On s’y attendrait même plus ou moins. Mais l’homme de culture noble le possède naturellement, mais il peut bien le perdre pour vivre ne serait-ce que momentanément dans une citadelle de la quiétude, dans un monde parallèle au nôtre. Cette évasion, pourrait-on dire, a pour théâtre la culture et la littérature vernaculaire en scansion, et fait perdre provisoirement, mais complètement, le sens de l’Etat. S’il arrivait à l’auteur de ces lignes de s’évader de la sorte, il ne le tiendrait pas pour une négativité quelconque. Car cette évasion permettrait à l’homme de la haute culture de sortir de l’ornière, et de s’écarter, tant soit peu, des réalités formelles étouffantes. Dans ce cas curieux, il ne s’agit pas d’une perte, mais d’un simple oubli. Oublier provisoirement le sens de l’Etat pour s’en souvenir et y revenir le plus rapidement possible stimulerait positivement non seulement l’homme de culture noble, mais aussi et surtout l’homme de l’action politique et sociale d’une certaine envergure.
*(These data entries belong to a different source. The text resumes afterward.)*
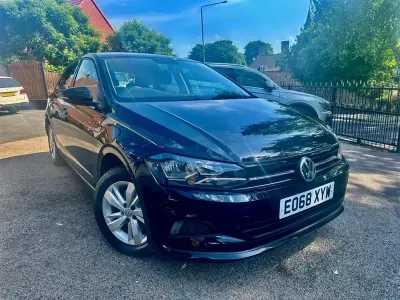Used VW Polo SE 95 HP (69 kW) 2018 Black Hatchback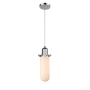 Innovations Lighting Centri 5" Wide Mini Pendant - Cord Suspension - T9 Bulb Compatible Polished Chrome / Matte White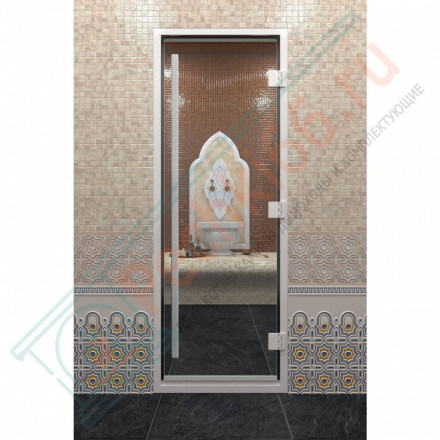 Стеклянная дверь DoorWood «Хамам Престиж прозрачное» 210х90 см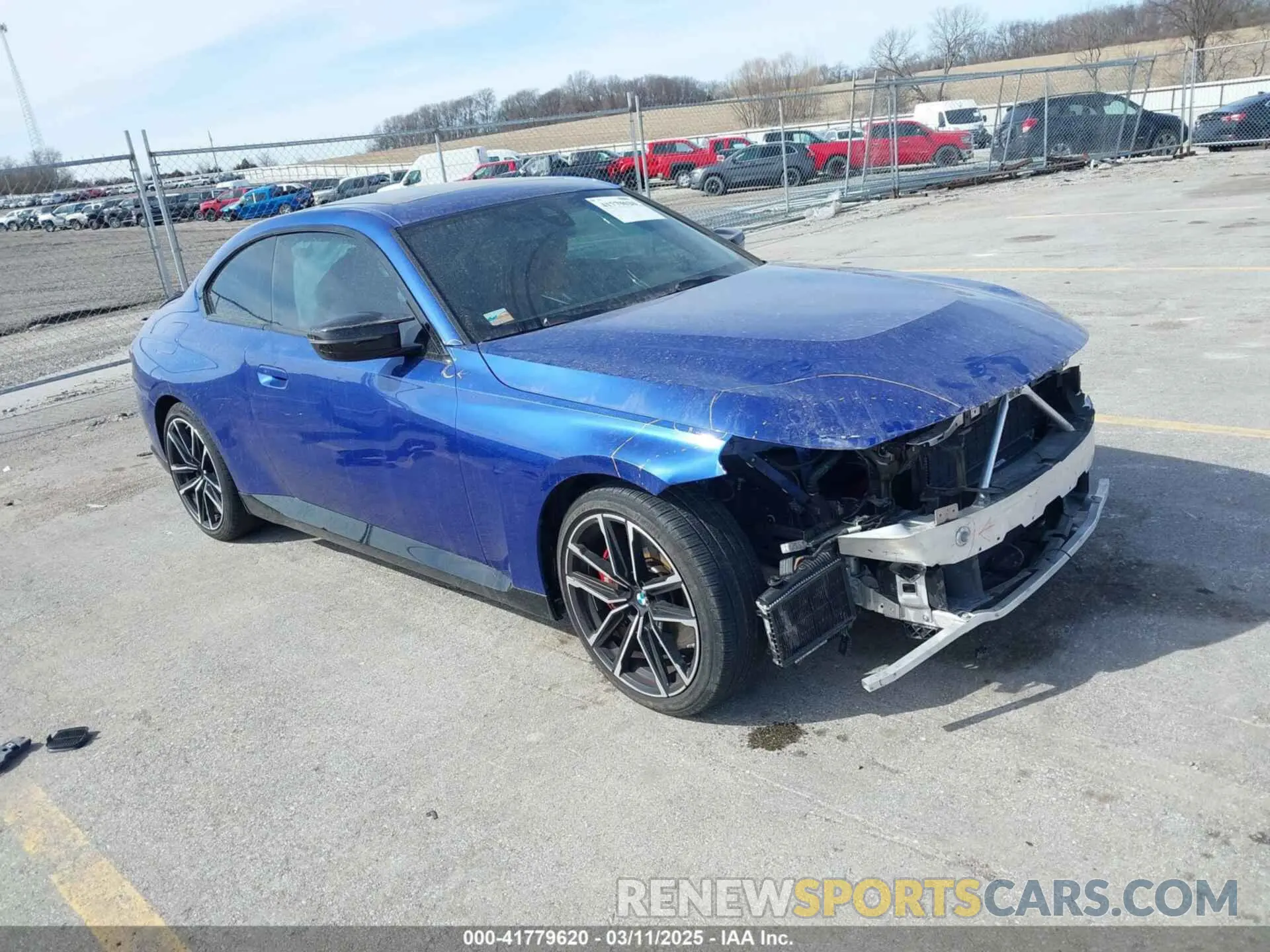 1 Photograph of a damaged car 3MW53CM06R8E49921 BMW M240 2024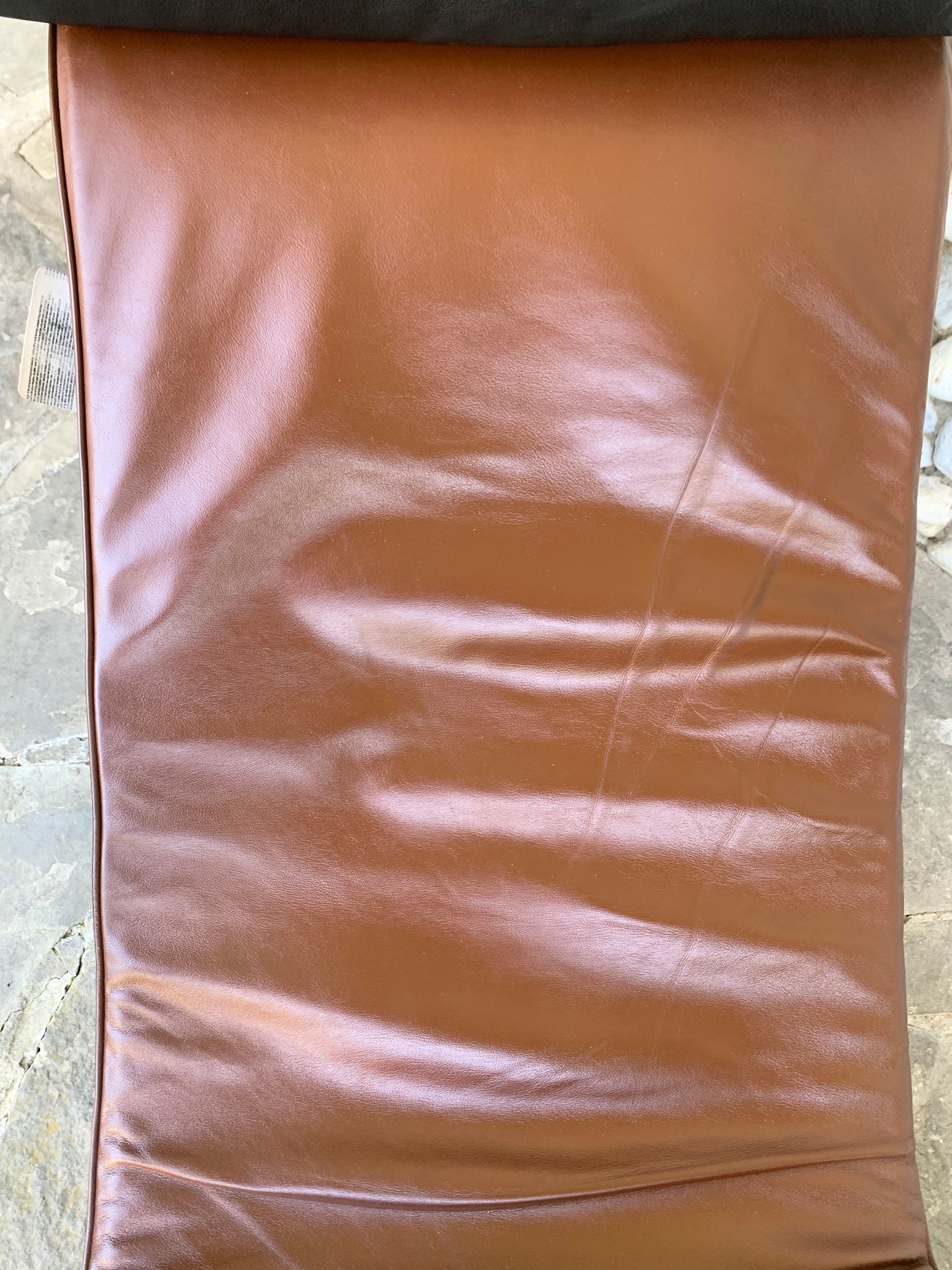 LC4 brown leather by Le Corbusier, Jeanneret & Perriand, Cassina, 1980s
Ce n’est pas parce qu’on est homme politique ou femme politique que l’on ait tous les droits et toutes les aptitudes à percer les mystères et les secrets. C’est la possession avérée du sens de l’Etat qui donne le droit d’y accéder. Le sens de l’Etat se manifeste dans le respect strict des conventions collectives et des normes formelles, dans une allégeance totale aux valeurs constitutionnelles. L’ultime acte de noblesse d’une entité politique parvenue à se hisser sur le piédestal du pouvoir public est de d’accomplir un travail titanesque, afin de protéger l’Etat et sa noblesse contre les faibles et les iconoclastes.